鄭板橋對待鹽商富豪的態度與吳敬梓不同,從現存的詩文、書畫作品來考察,揚州八怪中的鄭板橋諸人都與鹽典富商有着密切的交往。鹽商是他們作品的最大買主,如果沒有鹽商的支持,鄭板橋諸人恐怕連溫飽也難以維持。如人稱“揚州二馬”的大鹽商馬曰琯(字秋玉)、馬曰璐(字佩兮)昆仲慷慨好義,聲名遠播。馬曰琯初識鄭板橋於焦山,愛才若渴,得知其因家貧避債來此,即暗贈紋銀200兩,頓解板橋的燃眉之急。板橋詩文集中亦收錄有《爲馬秋玉畫扇》題詩和《揚州馬氏小玲瓏山館》楹聯。還有鹽商朋友程子刲(字羽宸)饋贈板橋一千兩紋銀,使他不僅順利地娶回了饒五姑娘,也徹底改變了一時的貧窮狀況。板橋深情地說:“餘江湖落拓數十年,惟程三子刲奉千金爲壽,一洗窮愁。”程氏有《黃山紀遊詩》請板橋題句,板橋寫了《題程羽宸黃山詩卷》,先寫黃山的古今形勢,次敘自己爲世俗所累,不獲一遊,不如程君之倜儻,後贊程作品的才思非凡,願追隨其後。板橋對程氏的知遇之恩,深懷感激,溢於言表。他甘願放下清高的架子,投桃報李,這也是他與鹽商的一種友好交往。

鄭板橋與吳敬梓之間發生過什麼? 第3張

經濟上依附鹽商,本不是鄭板橋的意願。七品縣令鄭板橋,不能在官場上“立功天地,字養生民”,終於被擠出官場,弄得官罷囊空,橐筆揚州。於是,在一些鹽商附庸風雅、廣交詩文畫友的招引下,本來對鹽商沒有多少好感的鄭板橋,和其他書畫家一樣,在商品經濟的浪潮中,不得不與鹽商相互依賴,各得其所。當時揚州有句民諺說:“堂前無字畫,不是舊人家。”因此,一些鹽商富賈,不惜一切代價,求購“詩書畫三絕”的板橋字畫。而板橋賣畫又不願題款,不願給鹽商富豪裝點門面。清人孫靜庵《棲霞閣野乘》卷四中就記述了一則“揚州某鹽商指使一老人騙板橋爲其作畫”的故事,形象地反映了鹽商不擇手段爲求取板橋書畫爲榮的一種時尚。板橋曾爲一位富商畫蘭後題詩道:“寫來蘭葉並無花,寫出花枝沒葉遮。我輩何能構全局,也須合攏作生涯。”這就體現了鄭板橋面對現實不得不改變觀念與鹽商交友往還的無可奈何心態,反映出鄭板橋與吳敬梓在對待揚州鹽商富豪上的不同態度。

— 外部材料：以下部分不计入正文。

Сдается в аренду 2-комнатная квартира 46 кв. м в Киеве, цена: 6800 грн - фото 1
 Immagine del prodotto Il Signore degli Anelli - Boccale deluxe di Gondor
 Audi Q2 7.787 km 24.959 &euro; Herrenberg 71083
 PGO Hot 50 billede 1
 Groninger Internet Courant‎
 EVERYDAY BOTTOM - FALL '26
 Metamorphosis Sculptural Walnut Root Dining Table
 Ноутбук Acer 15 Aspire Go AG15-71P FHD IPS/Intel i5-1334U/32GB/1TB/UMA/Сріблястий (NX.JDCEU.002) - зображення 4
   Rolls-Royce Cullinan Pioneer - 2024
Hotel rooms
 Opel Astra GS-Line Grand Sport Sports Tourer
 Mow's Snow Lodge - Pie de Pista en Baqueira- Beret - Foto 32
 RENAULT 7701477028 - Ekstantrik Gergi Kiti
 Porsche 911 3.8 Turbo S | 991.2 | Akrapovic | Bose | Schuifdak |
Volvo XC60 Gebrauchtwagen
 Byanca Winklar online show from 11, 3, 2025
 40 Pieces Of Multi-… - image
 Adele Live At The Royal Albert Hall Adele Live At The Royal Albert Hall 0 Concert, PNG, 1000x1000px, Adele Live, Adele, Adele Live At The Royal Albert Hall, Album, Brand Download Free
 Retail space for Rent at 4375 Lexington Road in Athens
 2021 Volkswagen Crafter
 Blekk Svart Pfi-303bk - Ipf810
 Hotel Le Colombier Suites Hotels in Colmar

《史記·伯夷傳》引孔子言曰:“道不同不相爲謀,亦各從其志也。”鄙以爲,觀念與態度的不同,這纔是鄭板橋與吳敬梓不相往來的根本原因。

有人認爲,鄭板橋對小說的態度,可能導致他與吳敬梓的矛盾,這或許是二人互不來往的原因。此說讓人覺得未免遷強附會,似是而非。王同書先生在《鄭板橋與通俗小說》(《明清小說研究》1998年第1期)一文中說:從鄭板橋出處行藏來說,他不是小說家,也不是各類通俗文化的鼓吹者,而是一個奉儒守道的正統文人。他所受的教育完全是“修身、齊家、治國、平天下”的一套,但研讀他的文集,瞭解他的交遊身世之後,卻感到他與通俗文化,特別是通俗小說,有相當深的因緣。一、重視、喜讀。將通俗小說與《史記》、韓愈文章等典範作品同列。在《自敘》中他說:“平生不治經學、愛讀史書,以及詩文詞集、傳奇、說簿之類。”他並進一步談“文章有大乘法”,“諸葛武鄉侯”之文、曹操之詩就屬大乘法;又說:“韓信登壇之時,孔明隆中之語,則又切之切者也。”在《家書》中又說“先帝入蜀,以諸葛爲之相,以關張爲之將;忠義傳千古,道德繼賢聖,豈非堯之留餘不盡,而後有此發泄也哉”。作爲一個正統文人,能如此明白將“說簿”等列入“喜讀”之書,並頌揚“說簿”中之作品,視爲文章之最高典範“大乘”法,並指出其淵源來自古代賢聖遺韻“堯之留餘不盡”,可見他從感性到理性對此類作品的重視。

至於他在《濰縣署中寄舍弟墨第一書》中告誡弟弟的:“更有小說家言,各種傳奇惡曲,及打油詩詞,亦復寓目不忘,如破爛廚櫃,臭油壞醬,悉貯其中,其齷齪亦耐不得。”王錫榮先生在《名家講解鄭板橋詩文》註釋中說:“小說家言,指街談巷議、道聽途說的傳聞故事之類,爲後世小說之祖;傳奇惡曲,指惡劣的戲曲作品;打油詩詞,謂俚俗、詼諧的詩詞,由唐人張打油《雪》詩得名。”可知這並非指經典小說。還有他所謂特意告誡兒子的話:“今年若能看完《史記》,明年更換他書,惟無益之小說與彈詞,不宜寓目。觀之非徒無益,並有害處也。”而查找《濰縣署中寄舍弟墨第一書》中並沒有這樣的話,引此論者不知源自何處?卞孝萱先生在《〈鄭板橋家書〉四十六通辨僞考》(載《鄭板橋叢考》)中指出:“1936年,上海的一個私營小書店——‘中央書店’,鉛印了《鄭板橋家書》,登載了六十二通書信(不都是家書),其中十六通是抄襲的,四十六通是從未發表過的。”“這四十六通從未發表過的板橋書信,卻是不折不扣的膺鼎。”“四十六通出於僞造,其餘十六通是抄襲《與舍弟書十六通》。”讀者諸君切勿上了僞書的當。